1. A magnetic dipole antenna is used to detect an electromagnetic wave. The antenna is a coil of 50 turns with radius 5.0 cm. The EM wave has frequency 870 kHz, electric field amplitude 0.50 V/m, and magnetic field amplitude 1.7 X 10-9 T.

(b) Assuming it is aligned correctly, what is the amplitude of the induced emf in the coil? (Since the wavelength of this wave is much larger than 5.0 cm, it can be assumed that at any instant the fields are uniform within the coil.)

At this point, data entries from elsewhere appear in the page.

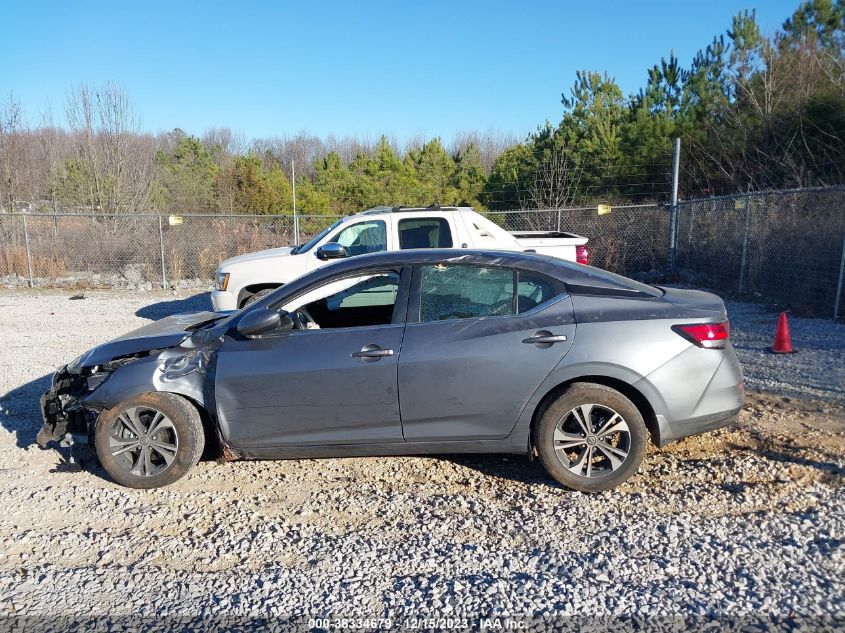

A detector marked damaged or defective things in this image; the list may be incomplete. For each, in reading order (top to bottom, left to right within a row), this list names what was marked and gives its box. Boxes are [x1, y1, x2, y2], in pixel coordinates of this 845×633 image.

damaged gray sedan [38, 249, 744, 492] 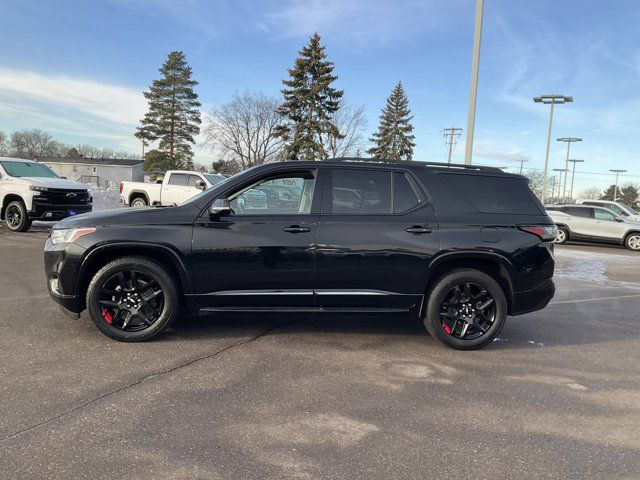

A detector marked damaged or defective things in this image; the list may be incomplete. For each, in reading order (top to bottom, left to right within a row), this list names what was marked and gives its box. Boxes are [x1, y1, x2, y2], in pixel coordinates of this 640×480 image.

pavement crack [0, 316, 308, 444] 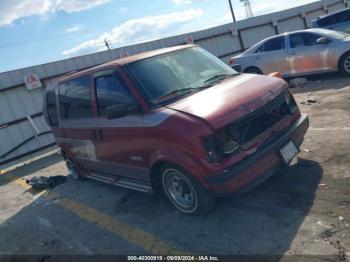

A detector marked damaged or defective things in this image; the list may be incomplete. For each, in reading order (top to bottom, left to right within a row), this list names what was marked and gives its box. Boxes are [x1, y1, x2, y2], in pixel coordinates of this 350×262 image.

damaged red van [44, 45, 308, 215] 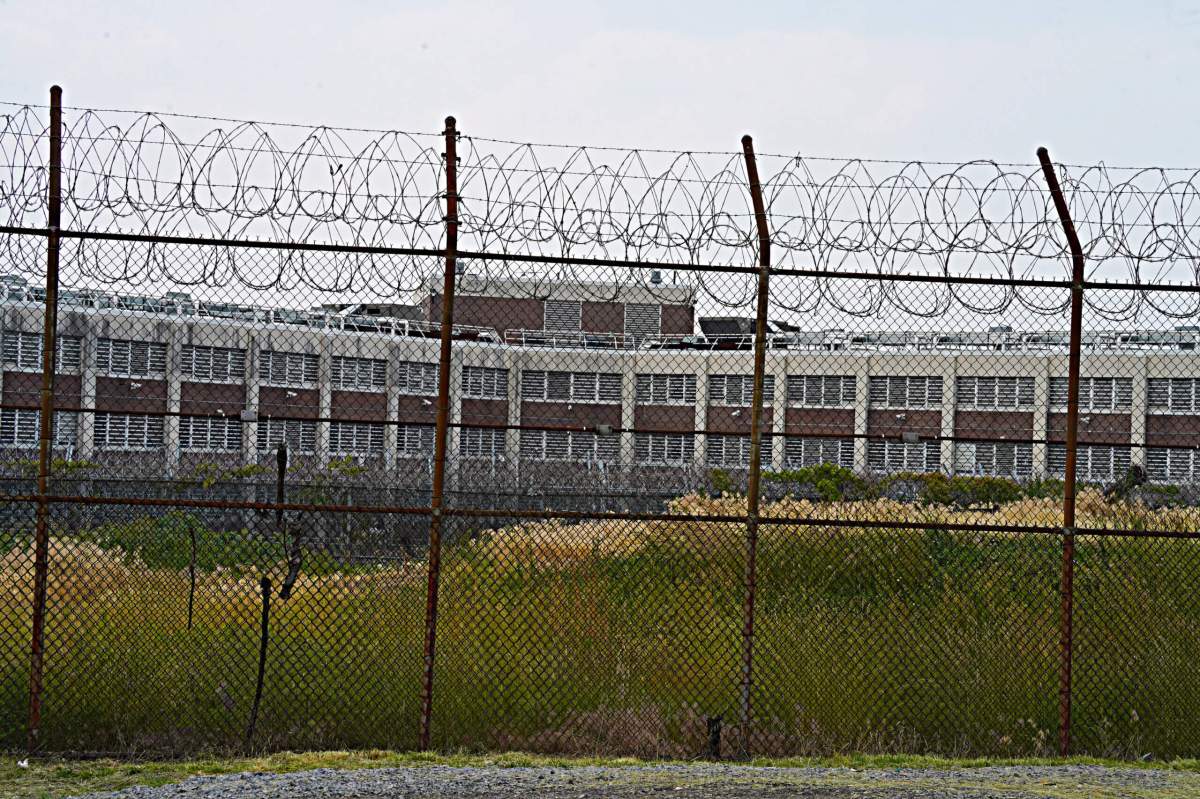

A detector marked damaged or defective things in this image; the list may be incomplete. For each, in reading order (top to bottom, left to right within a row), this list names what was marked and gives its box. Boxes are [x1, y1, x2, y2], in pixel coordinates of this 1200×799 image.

rusty metal fence post [27, 83, 62, 748]
rusty metal fence post [422, 113, 458, 748]
rusty metal fence post [734, 131, 772, 753]
rusty metal fence post [1036, 146, 1084, 758] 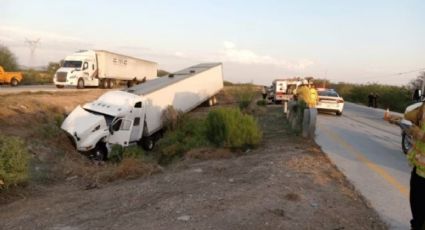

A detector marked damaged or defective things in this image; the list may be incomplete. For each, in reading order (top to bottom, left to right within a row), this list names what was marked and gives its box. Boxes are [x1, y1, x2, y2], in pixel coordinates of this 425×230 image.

overturned white semi truck [62, 63, 225, 160] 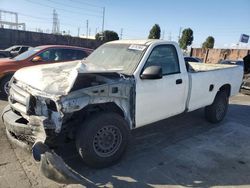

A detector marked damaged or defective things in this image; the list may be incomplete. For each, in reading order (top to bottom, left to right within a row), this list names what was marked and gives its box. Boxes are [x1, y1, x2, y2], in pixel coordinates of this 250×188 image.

crumpled hood [13, 60, 88, 95]
front bumper damage [1, 106, 94, 185]
damaged front end [1, 71, 135, 184] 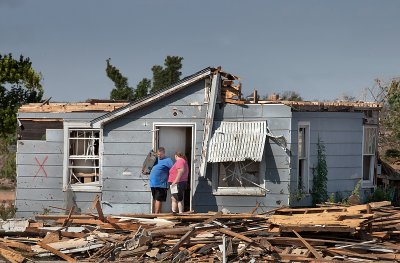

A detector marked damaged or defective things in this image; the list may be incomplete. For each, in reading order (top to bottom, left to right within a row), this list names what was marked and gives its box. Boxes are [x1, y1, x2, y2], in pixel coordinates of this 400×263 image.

broken window [68, 130, 101, 188]
broken window [217, 161, 260, 188] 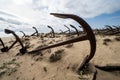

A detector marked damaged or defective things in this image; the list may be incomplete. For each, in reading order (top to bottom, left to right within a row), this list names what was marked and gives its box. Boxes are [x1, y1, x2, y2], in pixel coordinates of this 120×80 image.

(c) What is the amplitude of the emf induced in an electric dipole antenna of length 5.0 cm aligned with the electric field of the wave?

Homework Equations

(b) $$emf = -N\frac{\Delta \Phi}{\Delta t}$$

$$\Phi = B \times A$$

(c) ?????

The Attempt at a Solution

(b) The frequency is 870 kHz, so one oscillation takes a time of $$1.15\times 10^{-6}~s$$

$$\frac{\Delta \Phi}{\Delta t}= \frac{\Delta B}{\Delta t}~\times A = \frac{(2)(1.7\times 10^{-9}~T)}{(\frac{1}{2})(1.15\times 10^{-6}~s)}~\times \pi~(0.050~m)^2$$

Would this be the way to find $$\frac{\Delta \Phi}{\Delta t}$$

(c) I'm not sure where to start.

Last edited by a moderator:
Delta2

Homework Helper
Gold Member
For ## \frac{\Delta{\Phi}}{\Delta t}##, ## B=B_o \cos(\omega t) ##, so that ## \frac{dB}{dt}=-\omega \sin(\omega t) =\omega \cos(\omega t+\pi/2) ##, where ## \omega=2 \pi f ##. The factor ## \omega ## is the correct factor to use here. Using ## f=\frac{1}{T} ## will be missing the ## 2 \pi ## factor. ## \\ ## And (c) is simple. You just need to convert ## L=5.0## cm to meters. They give you the electric field ## E ## for the electromagnetic wave. The EMF for that case is ## \mathcal{E}=\int E \cdot dl=E L ##.

Delta2 and midgic
Thank you so much for your reply. That makes sense for part (b).

I think I can write it like this: (?)
$$B = B_0~cos(\omega~t)$$
$$\frac{dB}{dt} = -B_0~\omega~sin(\omega~t)$$
Then $$emf = -N~B_0~(2\pi~f) \times \pi~r^2$$

And for part (c)....well as you point out, that's quite straight-forward. I should have been able to do that one.

Thanks very much for your help.